● **What the task requires**
The answer must be an exact copy of the lines from the one containing "Crystal Stone Hot" through the end of the records, with the pictures left out.

● **Data for processing**
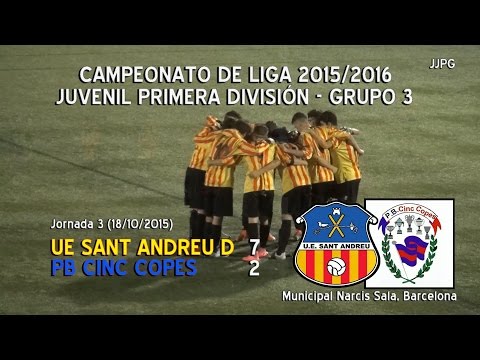 2015/2016 - Primera Juvenil - J3 - UE Sant Andreu D - Cinc Copes 7-2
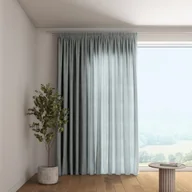 Zasłony - Zasłona na taśmie marszczącej 1 szt., szałwiowy, Delicate Premium - miniaturka - grafika 1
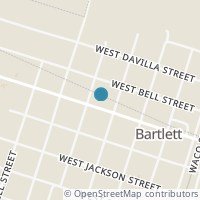 Map location of 432 E Clark St, Bartlett TX 76511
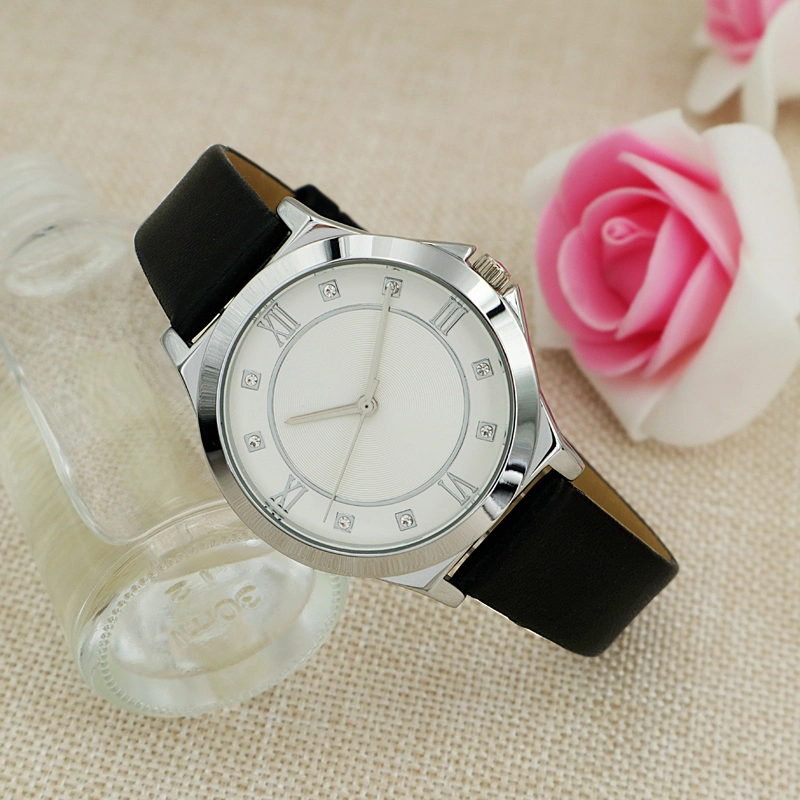 Crystal Stone Hot Sell Promotion Alloy Women Gift Watch Quartz Lady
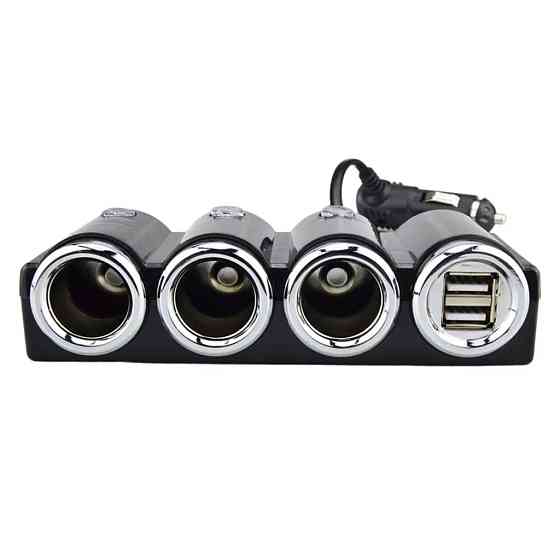 Автомобільний зарядний пристрій прикурювач 2хUSB,120W,CTC-611 SBR Київ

● **Exercise response**
 Crystal Stone Hot Sell Promotion Alloy Women Gift Watch Quartz Lady
 Автомобільний зарядний пристрій прикурювач 2хUSB,120W,CTC-611 SBR Київ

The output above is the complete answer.